Additionally, this application may refer to “receiving” various pieces of information. Receiving is, as with “accessing”, intended to be a broad term. Receiving the information may include one or more of, for example, accessing the information, or retrieving the information (for example, from memory). Further, “receiving” is typically involved, in one way or another, during operations, for example, storing the information, processing the information, transmitting the information, moving the information, copying the information, erasing the information, calculating the information, determining the information, predicting the information, or estimating the information.

The terms “substantially,” “essentially,” “approximately,” “about,” or any other version thereof, are defined as being close to as understood by one of ordinary skill in the art, and in one non-limiting embodiment the term is defined to be within 10%, in another embodiment within 5%, in another embodiment within 1% and in another embodiment within 0.5%. The term “one of,” without a more limiting modifier such as “only one of,” and when applied herein to two or more subsequently defined options such as “one of A and B” should be construed to mean an existence of any one of the options in the list alone (e.g., A alone or B alone) or any combination of two or more of the options in the list (e.g., A and B together).

A device or structure that is “configured” in a certain way is configured in at least that way, but may also be configured in ways that are not listed.

The terms “coupled,” “coupling,” or “connected” as used herein can have several different meanings depending on the context in which these terms are used. For example, the terms coupled, coupling, or connected can have a mechanical or electrical connotation. For example, as used herein, the terms coupled, coupling, or connected can indicate that two elements or devices are directly connected to one another or connected to one another through intermediate elements or devices via an electrical element, electrical signal or a mechanical element depending on the particular context.

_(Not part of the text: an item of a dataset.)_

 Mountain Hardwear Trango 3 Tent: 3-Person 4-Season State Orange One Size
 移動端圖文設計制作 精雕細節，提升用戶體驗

The Abstract of the Disclosure is provided to allow the reader to quickly ascertain the nature of the technical disclosure. It is submitted with the understanding that it will not be used to interpret or limit the scope or meaning of the claims. In addition, in the foregoing Detailed Description, it can be seen that various features are grouped together in various examples and embodiments for the purpose of streamlining the disclosure. This method of disclosure is not to be interpreted as reflecting an intention that the claimed subject matter requires more features than are expressly recited in each claim. Rather, as the following claims reflect, inventive subject matter lies in less than all features of a single disclosed embodiment. Thus, the following claims are hereby incorporated into the Detailed Description, with each claim standing on its own as a separately claimed subject matter.

Many different arrangements of the various components depicted, as well as components not shown, are possible without departing from the spirit and scope of the present disclosure. Embodiments of the present disclosure have been described with the intent to be illustrative rather than restrictive. Alternative embodiments will become apparent to those skilled in the art that do not depart from its scope. A skilled artisan may develop alternative means of implementing the aforementioned improvements without departing from the scope of the present disclosure. It should thus be noted that the matter contained in the above description or shown in the accompanying drawings is to be interpreted as illustrative and not in a limiting sense.